Lilica Boal, a última entrevista da ex-combatente. “Cabo Verde não parou e não vai parar”

Foi deputada nacional entre 1976 e 1981 na Guiné-Bissau e entre 1986 e 1991, professora e ativista antifascista cabo-verdiana que lutou pela independência da Guiné-Bissau e Cabo Verde e contra a ditadura do Estado Novo, Maria da Luz Freire de Andrade, nascida no Tarrafal de Santiago em 1934 e mais conhecida como Lilica Boal, concedeu esta entrevista o ano passado à revista Cult onde contou sobre a sua vivência na Praia, as saudades da cidade doutrora e aponta as diferenças com outras cidades onde viveu.

Santiago Magazine – Quando foi a primeira vez que veio à Praia?

Lilica Boal – A primeira vez foi quando o Carmona veio visitar a Praia. Lembro-me da minha mãe muito preocupada com um casaco que eu deveria vestir porque chegava uma grande personalidade. Agora a data não me recordo, mas deveria ter uns 4 anos de idade. Convidaram as pessoas para virem, e meus pais foram convidados porque eram conhecidos no Tarrafal e a minha mãe quis trazer a filha. Eu fico a pensar no que devo dizer da Praia e esta Praia não tem nada a ver com a Praia da minha infância e adolescência.

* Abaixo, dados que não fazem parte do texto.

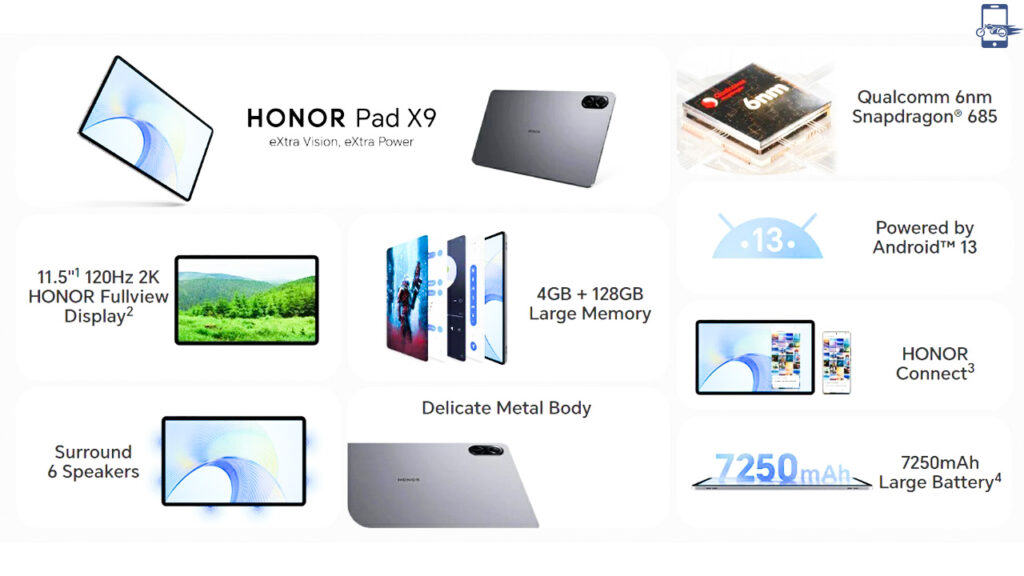 Honor Pad X9 Launch With An 11.5-inch, 120hz Screen, Six Speakers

Quando eu vinha a praia, ficava na casa de uns tios no Plateau, e a Praia estava reduzida ao Plateau, Fazenda e um ou outro bairro. Algumas lojas importantes aqui no Plateau: a Serbam, Celina Vasconcelos, a loja da Dona Menina na agora Avenida Amílcar Cabral... eram as lojas da Praia. Vínhamos a Praia, aos domingos íamos passear na praça. A Praia de hoje é uma cidade bonita, podemos dizer que é desenvolvida, com construções interessantes, com espaços para se sentar e comer, ouvir músicas, bons restaurantes, porque no passado praticamente não havia hotéis, restaurantes. E, perguntámos como a Praia chegou a isto? Não quero partidarizar pois não é valor de um partido ou doutro, mas para ser coerente com o que eu penso, esta Praia é uma grande que foi se desenvolvendo, petit a petit, pouco a pouco, cada um que vem dá o que pode, nem todos têm tudo, mas sempre há uma coisa que fica e são dessas pequeninas realizações de cada delegado de governo, presidente da câmara que foram fazendo para se chegar a isto.

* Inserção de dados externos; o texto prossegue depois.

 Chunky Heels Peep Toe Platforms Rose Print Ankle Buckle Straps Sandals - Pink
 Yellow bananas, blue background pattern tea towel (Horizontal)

A minha Praia é aquela cidade que se desenvolveu e evolui num quadro de um trabalho feito e programado para o desenvolvimento, para a formação e informação da população. Por exemplo, o trabalho que a OMCV fez para o desenvolvimento desta cidade foi extraordinária, com as mulheres para a alfabetização, informar sobre o papel das mulheres, saúde materno-infantil, tudo isso também fez a Praia. Por isso, penso que é um trabalho coletivo, de todos. Outro exemplo, são os artistas, que saíram detrás das cortinhas, como no teatro com as cortinas a apresentarem os atores. A construção da cidade, com as ruas, a avenidas. Esta Praia linda que atrai os turistas. E isto não é trabalho de A, B ou C, ou de um partido ou outro, foi um trabalho coletivo.

- Algum lugar na capital que recomendaria?

- Aqui na Quebra Canela temos restaurantes interessantes para pessoas interessadas em descobrir a Praia. Os bairros foram crescendo, veja o Palmarejo que foi crescendo e de que maneira, a Prainha. Quando os meus pais quiseram fazer uma casa para mim, o Boal escolheu aa Praínha e o meu pai disse, “mas naquele sítio de pastagem de animais? Que vou por a minha filha” e veja a Praínha é hoje o que é. Meu pai preferia o Plateau e minha mãe já tinha escolhido a rua inclusive. E hoje a Praínha é um bairro que todos gostariam de ter um pedaço de terreno. Um bairro que atrai turistas, pessoas... os restaurantes aqui na orla da Praínha e Quebra Canela vale a pena visitar. A cidade da Praia possui belezas que conquistamos com o esforço de muitos.

- Quando regressaram da Guiné-Bissau ficaram aqui na Praia porquê?

- Ficamos na Praia por razões de trabalho. Quando regressei da Guiné-Bissau fui nomeada Inspetora Geral da Educação e tinha que viver na Praia. A partir dessa função visitei todas as escolas do país, foi uma oportunidade de descobrir o meu país. E agora quando visitamos Cabo Verde não tem nada a ver com o que era antes, mesmo em termos de instalação. Tudo mudou. Fiquei aqui por razões de trabalho, mas quase todos os fins de semana ia a Tarrafal.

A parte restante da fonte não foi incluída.